[Caption-style text data]
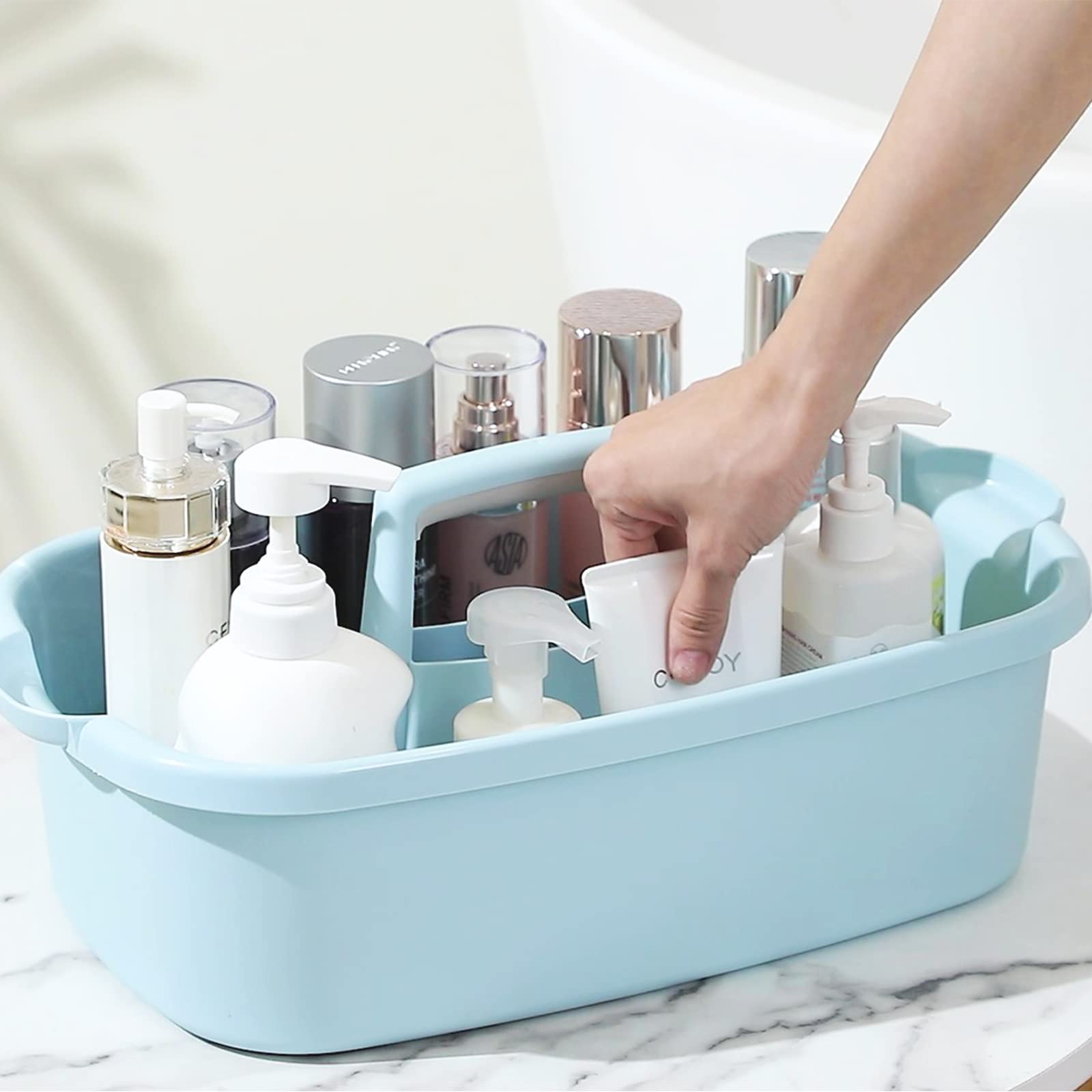 JiatuA garden and laundry setup showing versatile use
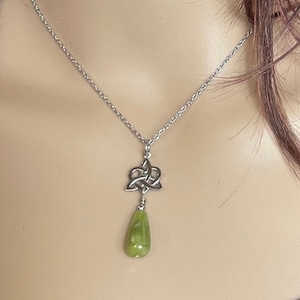 Connemara Sister&#39;s/Family Knot Necklace (HM127) Heart and Trinity Handmade Ireland Stone pendant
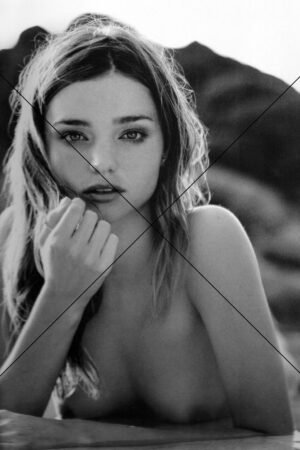 Miranda Kerr Beachside Pose - Photo Print 6" x 4"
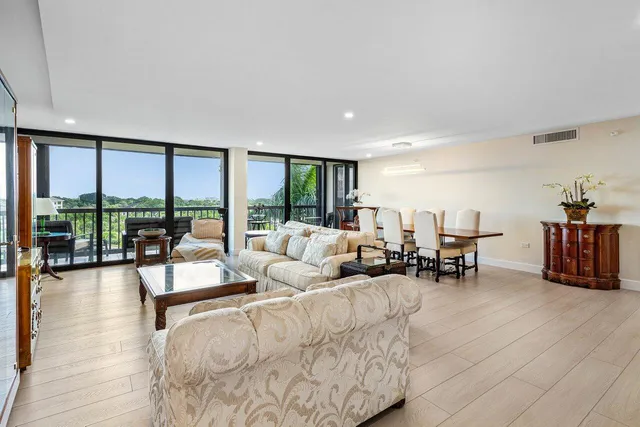 $499,000 | 2450 Presidential Way, Unit 607, West Palm Beach, FL 33401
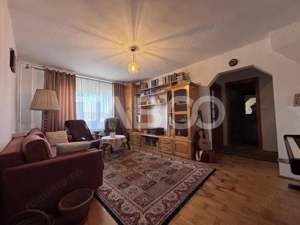 De vanzare apartament cu 4 camere Piata Flora  - imagine 4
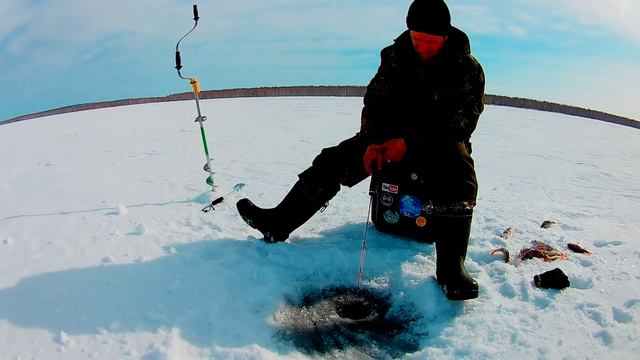 За окунем ,на Ангару!!! Рыбалка со льда! смотреть онлайн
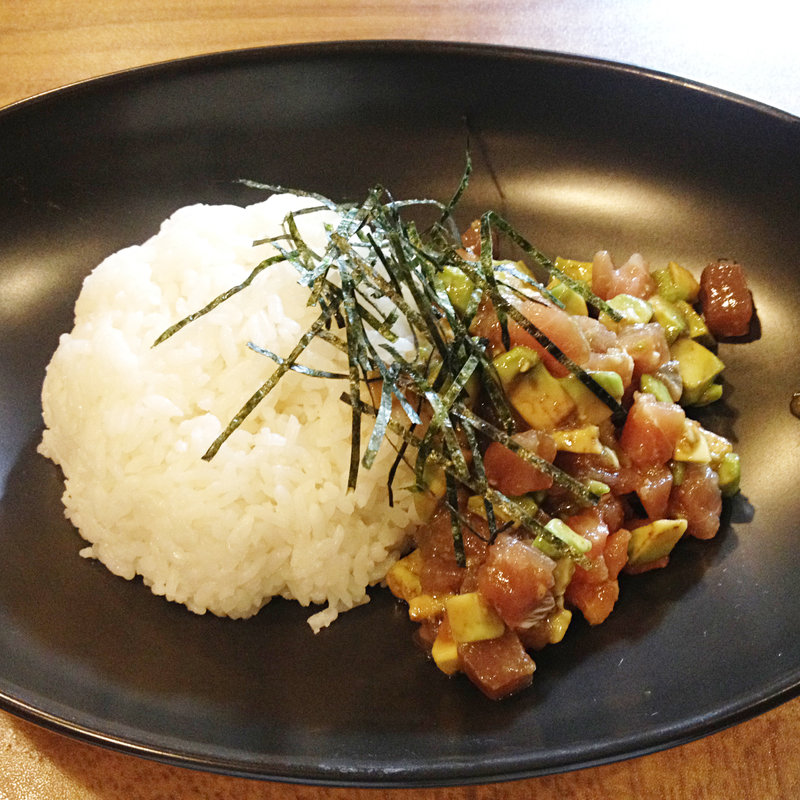 アボガドとトマトマリネを和えた洋風・漬けマグロ丼(TOMOSHIBI （トモシビ）)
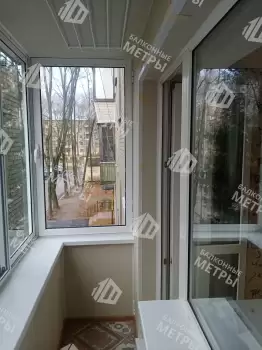 Отделка балкона под ключ с холодным остеклением и выносом остекления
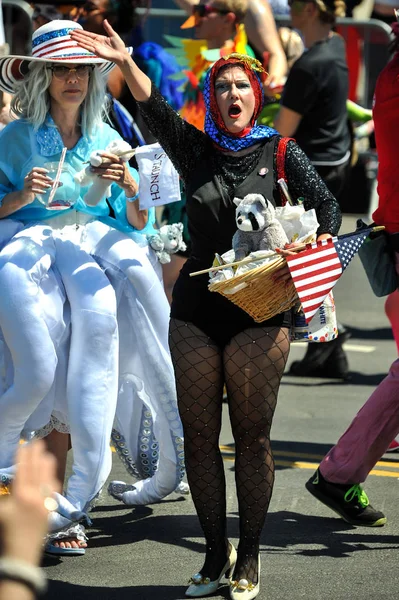 New York, Ny - 16 Haziran: İnsanlar katılmak 36 yıllık Mermaid Parade Coney Island 16 Haziran 2018 New York'ta. 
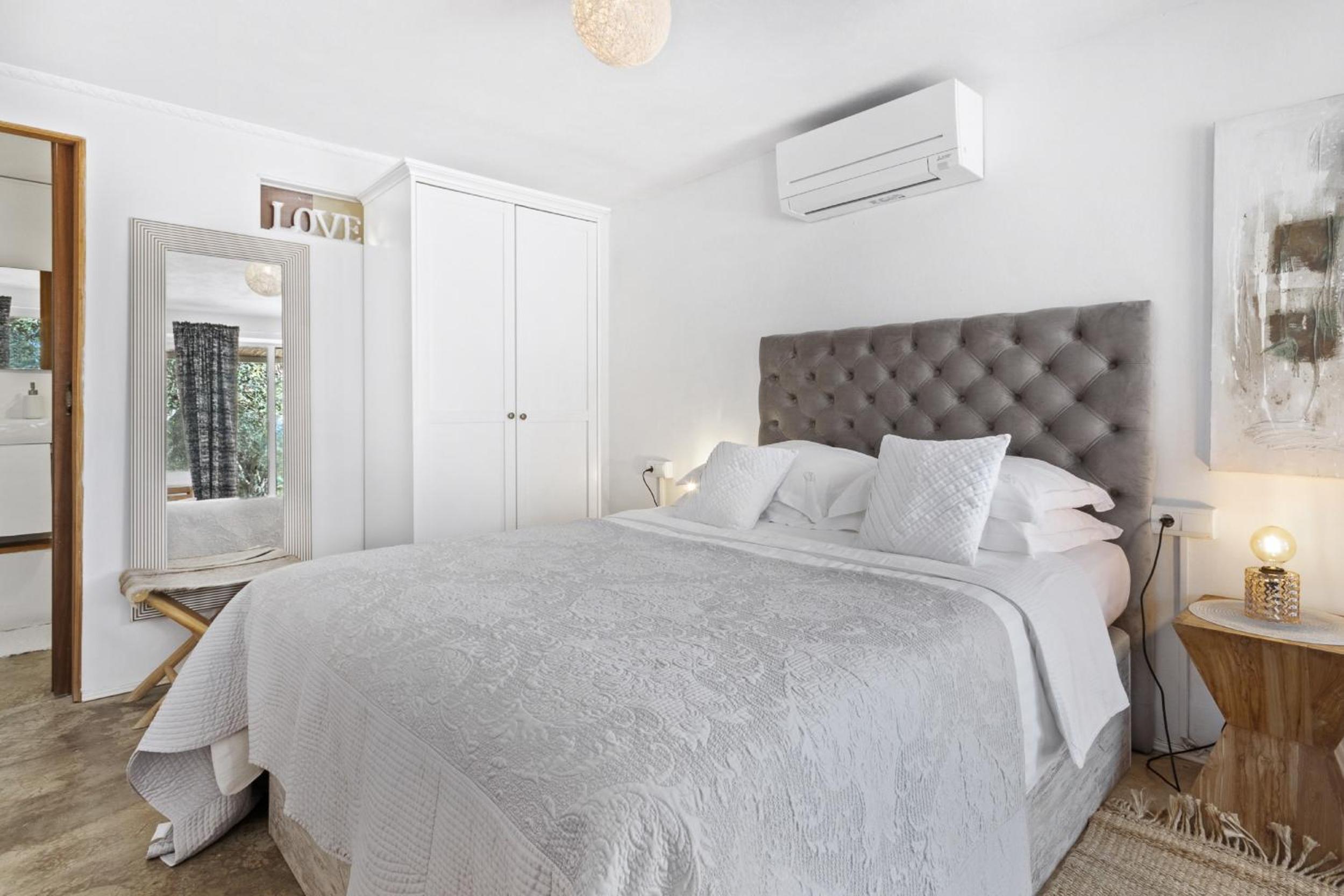 Ravishing Ibiza Villa Cel Blau 9 Bedrooms Private Pool & Beautiful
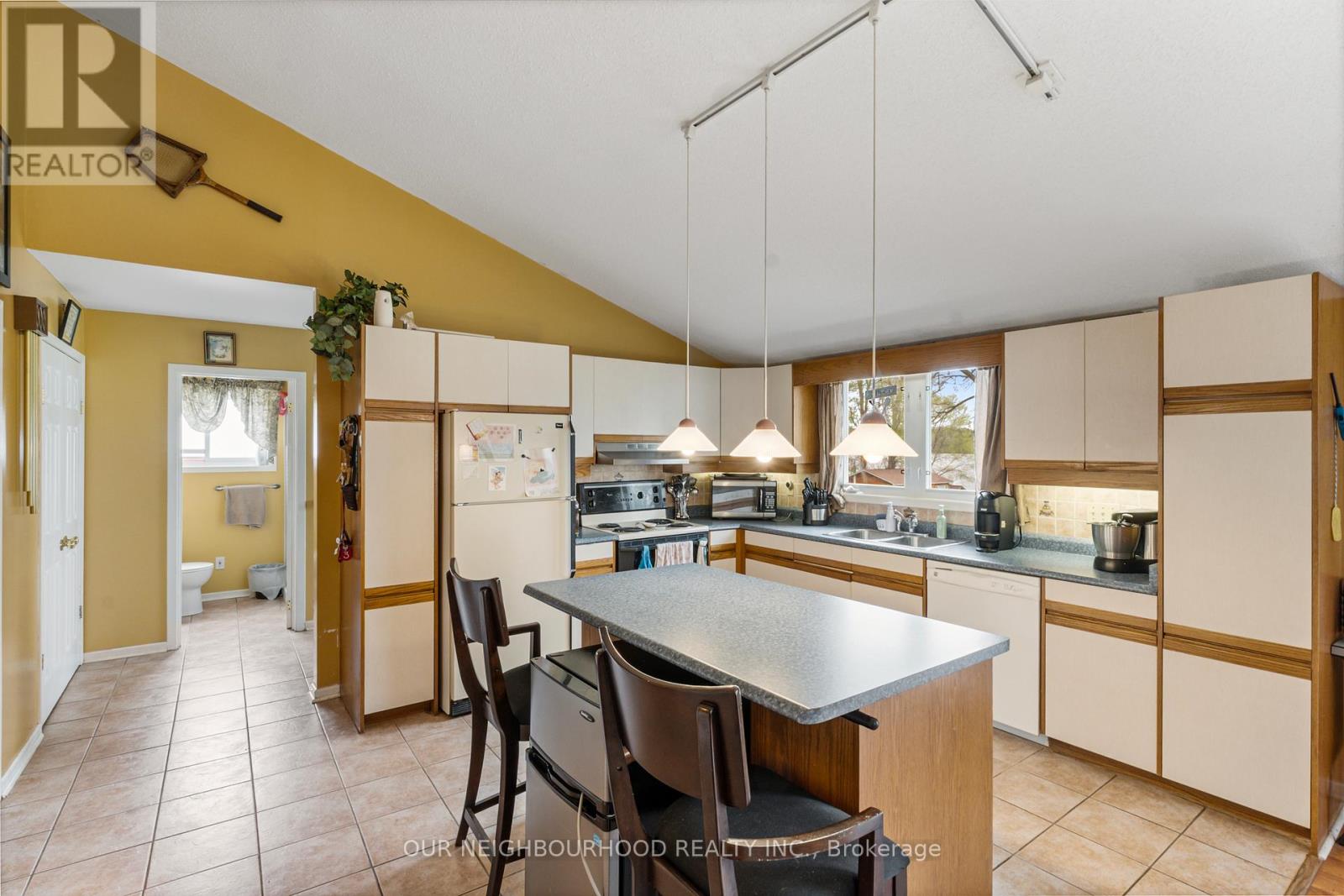 10 Richardson Road, Prince Edward County, Ontario  K0K 2T0 - Photo 13 - X12144380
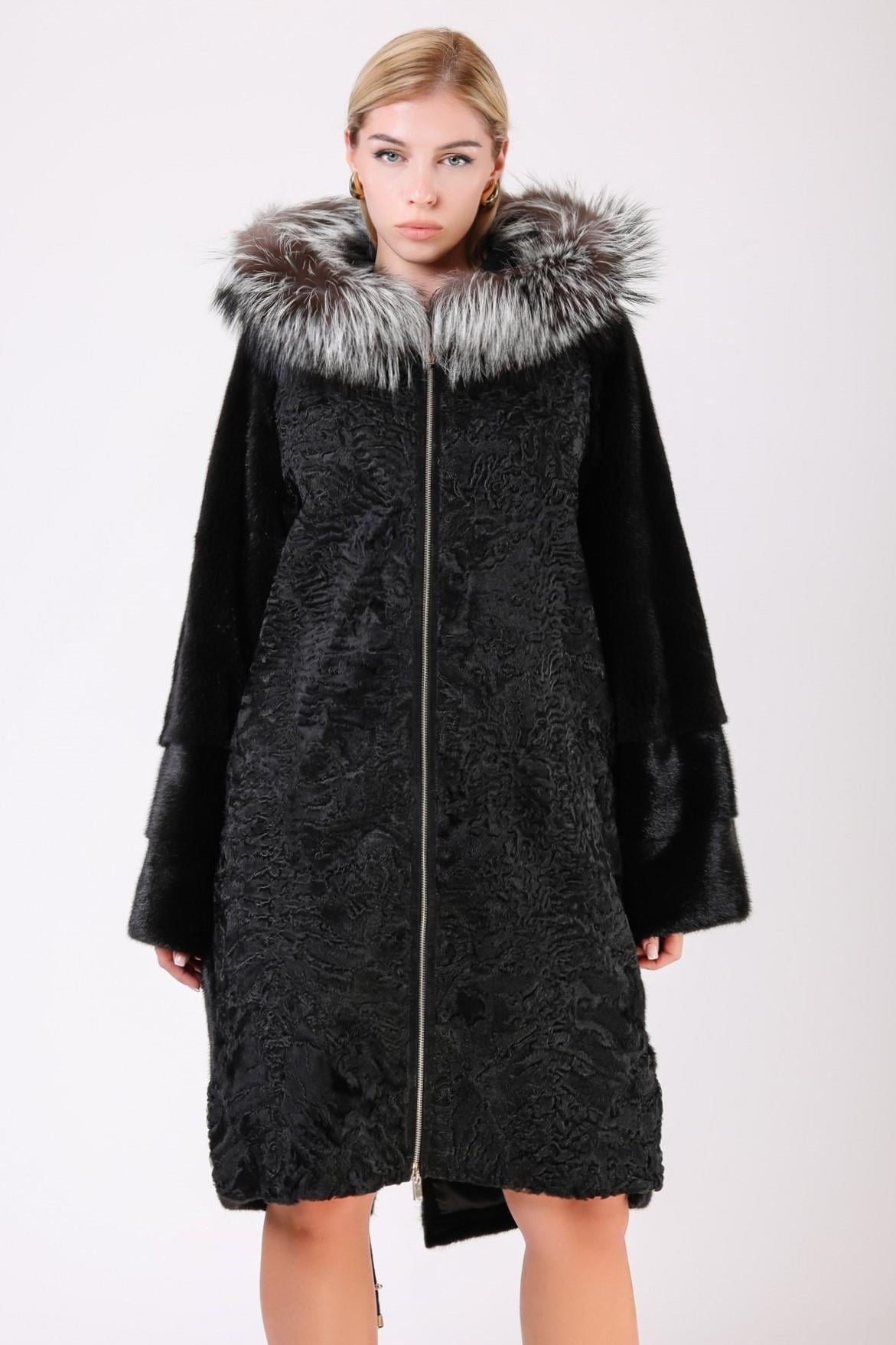 Manteau en fourrure de vison avec détail fourrure de renard noir, LC Leather Club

Your objective:
Write out word for word the lines above that run from the one with "Beach, FL 33401" to the one with "Ravishing Ibiza Villa". Include both end lines; exclude the images.

Task response:
 $499,000 | 2450 Presidential Way, Unit 607, West Palm Beach, FL 33401
 De vanzare apartament cu 4 camere Piata Flora  - imagine 4
 За окунем ,на Ангару!!! Рыбалка со льда! смотреть онлайн
 アボガドとトマトマリネを和えた洋風・漬けマグロ丼(TOMOSHIBI （トモシビ）)
 Отделка балкона под ключ с холодным остеклением и выносом остекления
 New York, Ny - 16 Haziran: İnsanlar katılmak 36 yıllık Mermaid Parade Coney Island 16 Haziran 2018 New York'ta. 
 Ravishing Ibiza Villa Cel Blau 9 Bedrooms Private Pool & Beautiful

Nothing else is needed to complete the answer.